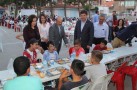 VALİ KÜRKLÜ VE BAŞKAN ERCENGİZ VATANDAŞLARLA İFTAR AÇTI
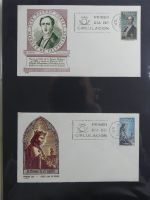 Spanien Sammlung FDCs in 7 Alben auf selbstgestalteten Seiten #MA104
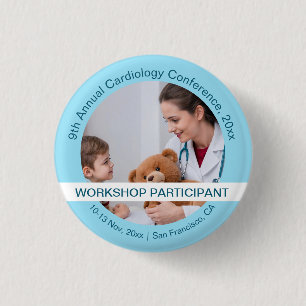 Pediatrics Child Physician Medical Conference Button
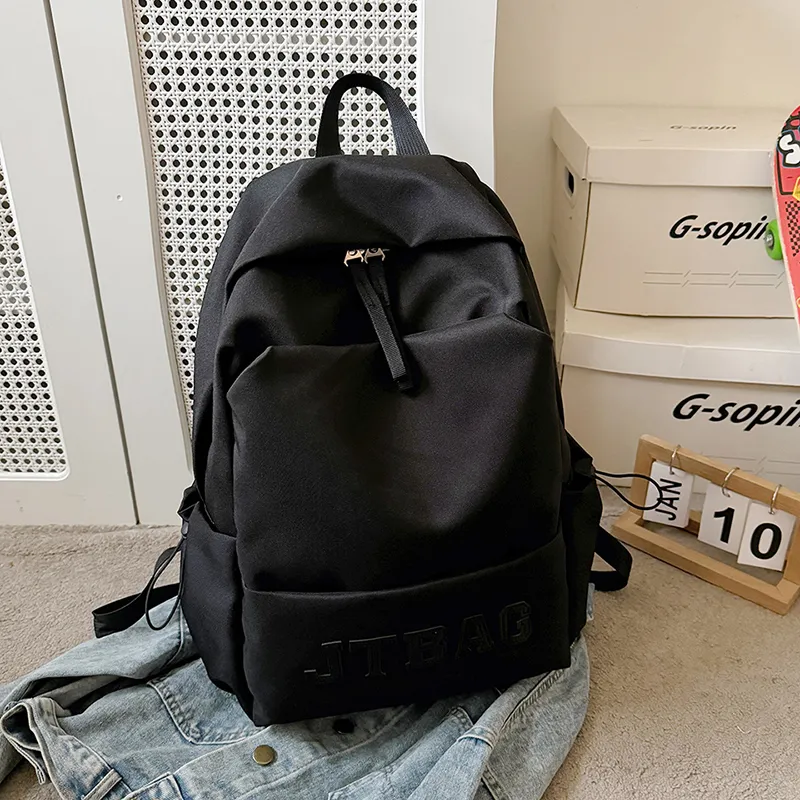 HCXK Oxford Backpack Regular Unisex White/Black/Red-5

PROMPT » Output the line containing "Spanien Sammlung FDCs" along with every line after it to the end of the material, exactly as written, but without pictures.

WRITTEN RESPONSE »
 Spanien Sammlung FDCs in 7 Alben auf selbstgestalteten Seiten #MA104
 Pediatrics Child Physician Medical Conference Button
 HCXK Oxford Backpack Regular Unisex White/Black/Red-5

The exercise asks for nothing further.